The problem with cinematic gendering is that when it comes in the form of fantasized characters made for the purpose of entertainment, then the foundations are conventions, not innovations. Audiences can connect to the mother figure, but they are not supposed to admire the femme fatale: what happens if they do? Is it because the filmmaker made some sort of mistake in editing this character? Would a mistake like this be worse if it made her sympathetic or if she tapped into some part of us that we admired but had to keep secret?

Women and men are divided into categories of “male and “femaleness”  in film plots to support movies made by men and male characters, but also the general structure of social convention (wherever they may be). This holds women back on and off screen as well as behind the scenes. It affects the ways that we see and the ways we judge women who make films.

Film is even more gendered behind the scenes. The project of imagining a cinematic world without rape began with confusion about why women do not make as many films as men.
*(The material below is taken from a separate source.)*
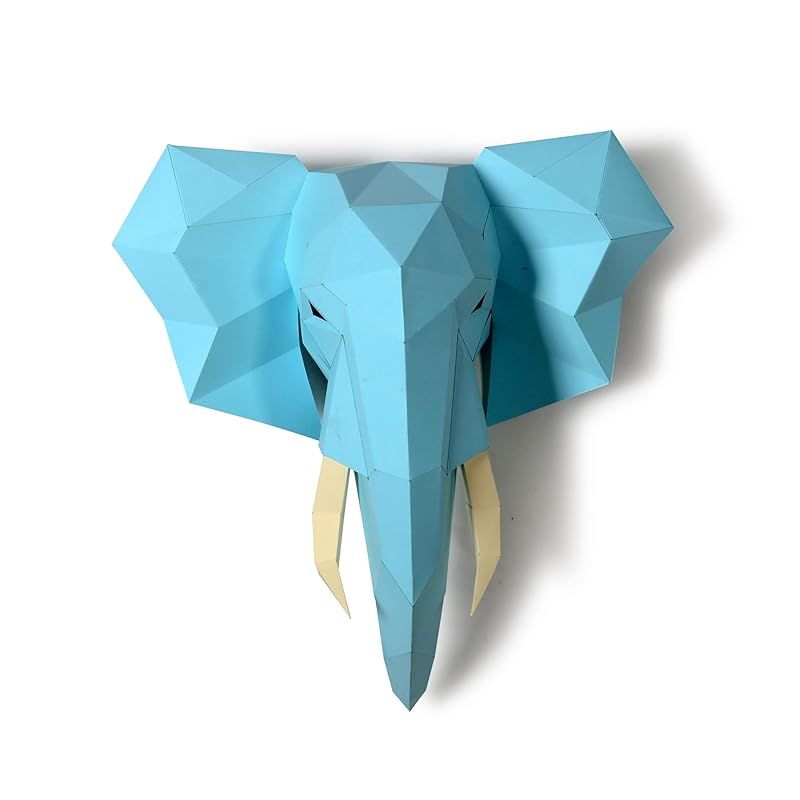 Elephant Head Paper Sculpture,Pre-cut DIY Papercraft Kit,Handmade Wide Animal,3D Paper Art,Light ... | Amazon (US)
My hypothesis was that the concepts of sexual violence and the lacking female presence, specifically in the areas of producing and directing films, must be connected. I considered that there might be a key piece of information on this topic that would illuminate/improve the status of women as victims on screen. After surveying the plots, characters, and creators of over 1,000 American films from the past decade, I accepted that my hypothesis was and is strikingly accurate.

The rundown: Men make more movies. Men make movies about men. And when men make movies about women, they make them, overwhelmingly, about the hardships of women or – on the other hand – about the hardships of women in comedic form (i.e. romantic comedies).  After all, it’s funny to be female, isn’t it?